With the rise of the recent tensions in the Middle East, in particular the emergence of ISIS in Iraq, China’s role in the region was again brought into focus. On August 8, 2014, in an interview with New York Times columnist Thomas Friedman, Barack Obama claimed that China had been a free rider for thirty years, and that no one expected China to play the role.

Actually this is not a new point of view.

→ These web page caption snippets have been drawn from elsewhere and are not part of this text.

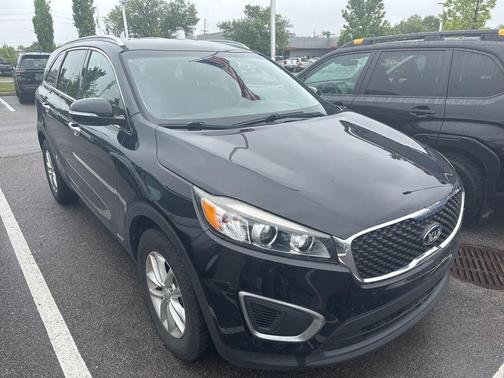 Ebony Black 2016 Kia Sorento LX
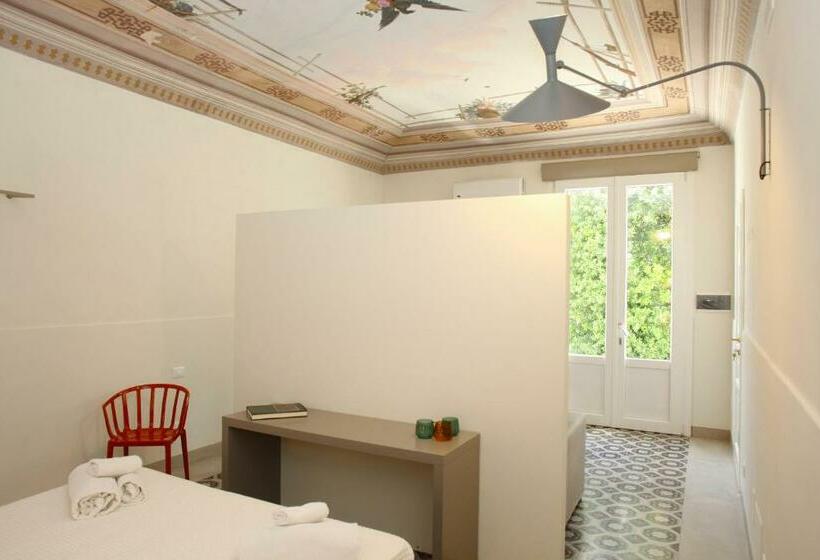 سوئیت جونیور با چشم‌انداز باغ, Versomare Room & Suite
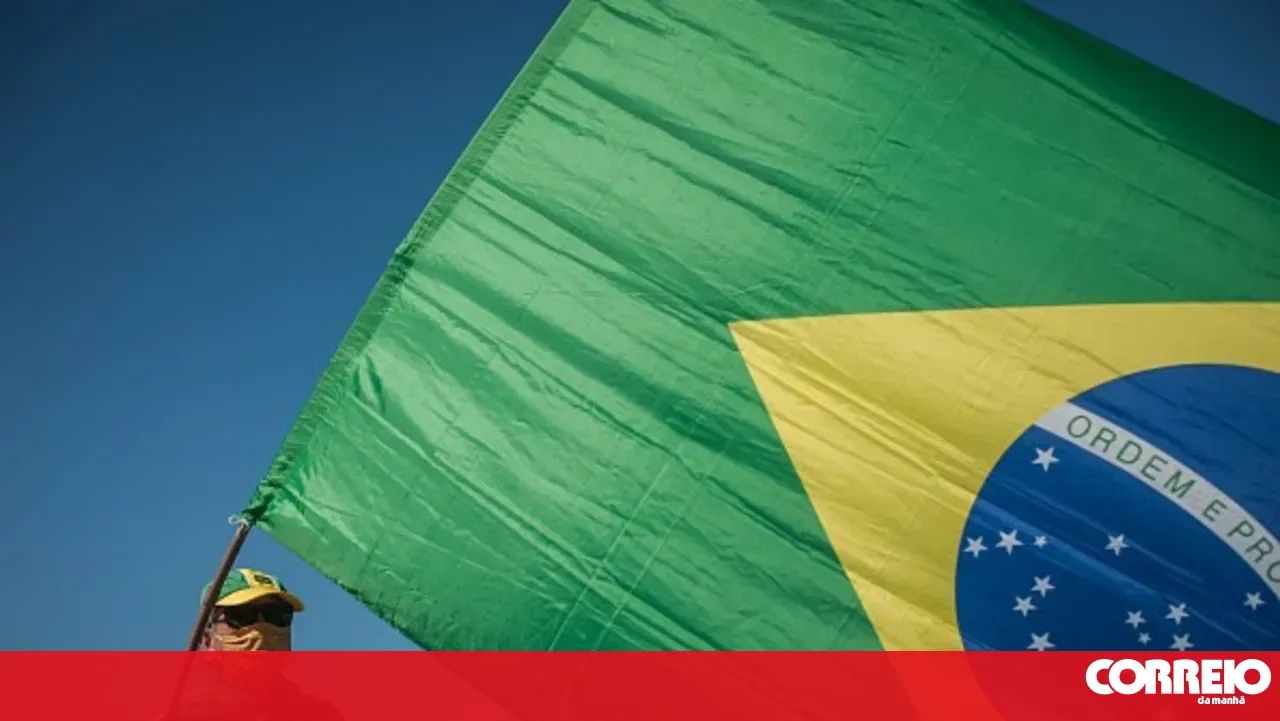Mais de 158 milhões de eleitores brasileiros aptos a votar nas eleições 2026
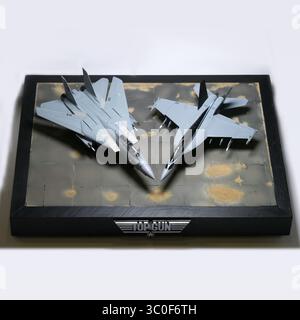 Top Gun Modelling: F-14D and F-18E fighter jets on diorama Stock Photo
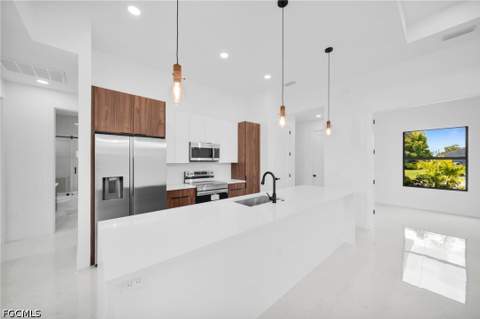 513 NE 15th Ter, Cape Coral FL - photo 11 of 27
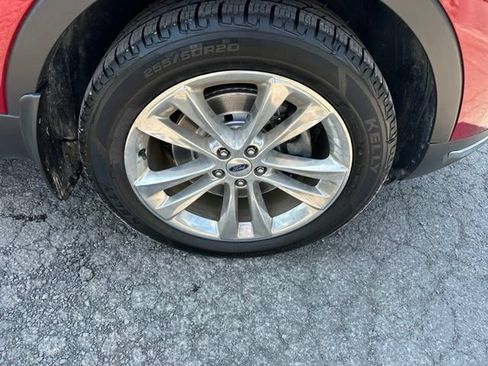 Used 2018 Ford Explorer Limited AWD/4WD image 12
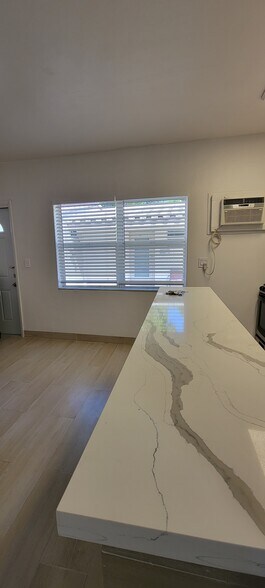 More Photos Of 1723 Liberty St, Hollywood Apartments For Sale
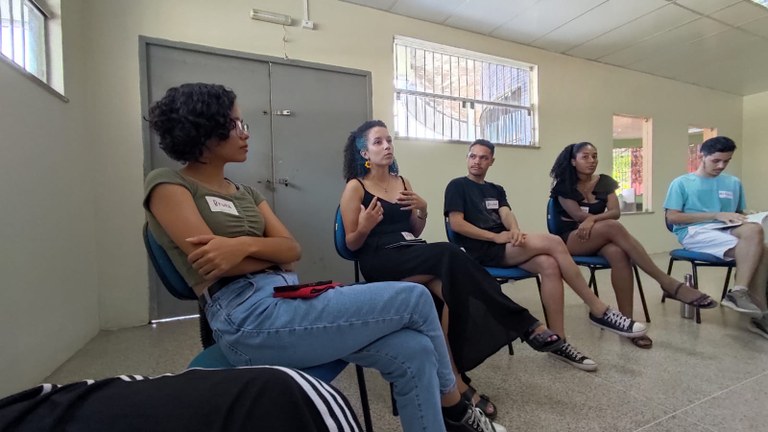 Clube de Leitura do CCH realiza encontro com debate do livro"O último voo do flamingo" de Mia Couto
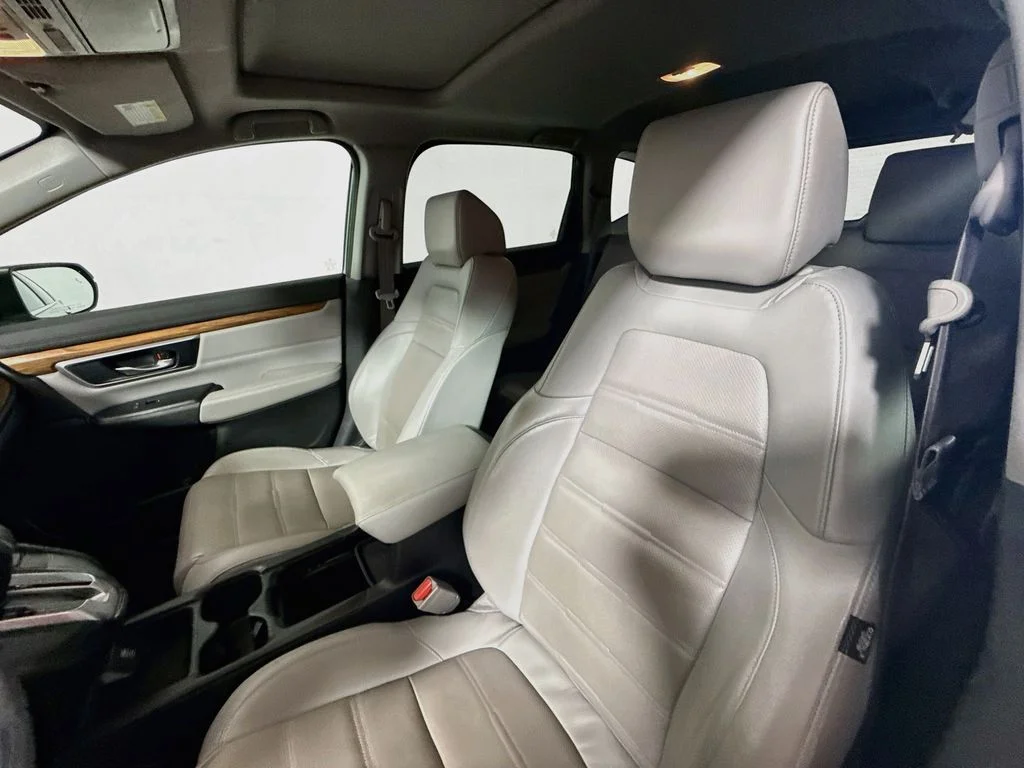 Used 2018 Gunmetal Metallic Honda EX-L image 19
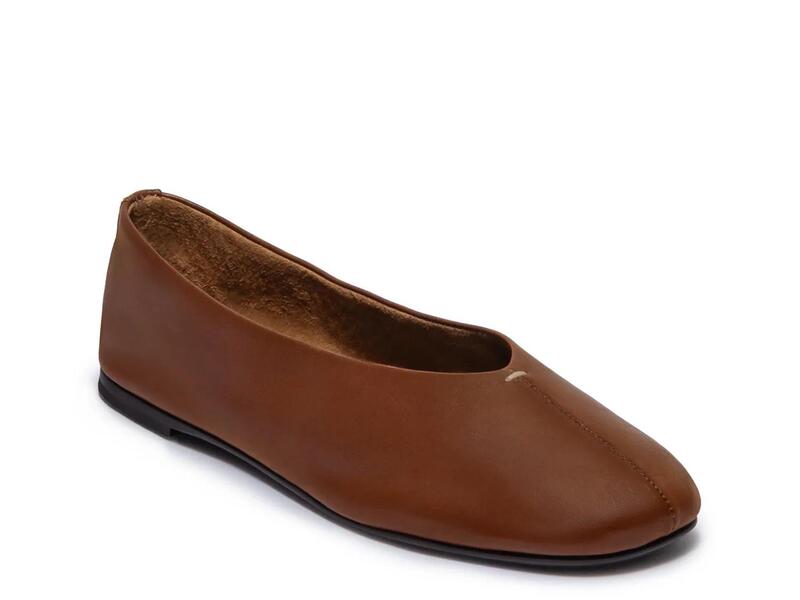 ベルナルド レディース シューズ パンプス BernardoMeredith Flat Mahogany Leather|ReVida 店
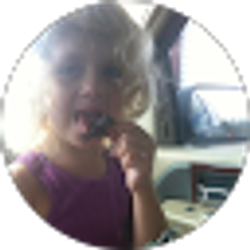 Profile photo of riley shaughnessy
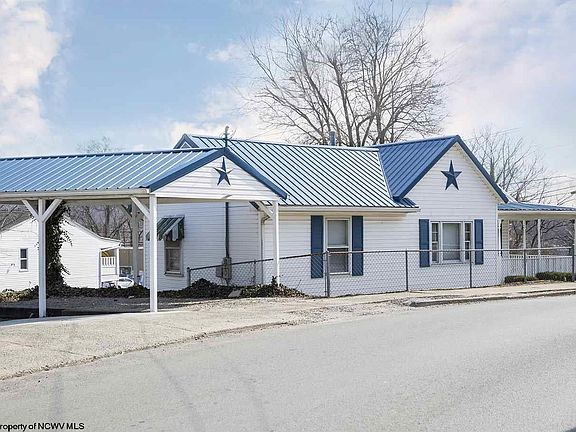 560 Haymond Hwy Clarksburg Wv 26301 Mls 10136533 Zillow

Paul Haenle, Director of Carnegie-Tsinghua Center for Global Policy, wrote in the Financial Times on October 8, 2013, that “China’s rise to global leadership means rhetoric and vetoes are no longer enough”. He meant that China should side with the US.

An article “Middle East Oil Fuels Fresh China-U.S. Tensions” in Wall Street Journal two days later claimed that China and other oil-consuming nations have benefited as Washington spent billions of dollars a year to police chokepoints like the Strait of Hormuz and other volatile parts of the Middle East to ensure oil flow around the globe.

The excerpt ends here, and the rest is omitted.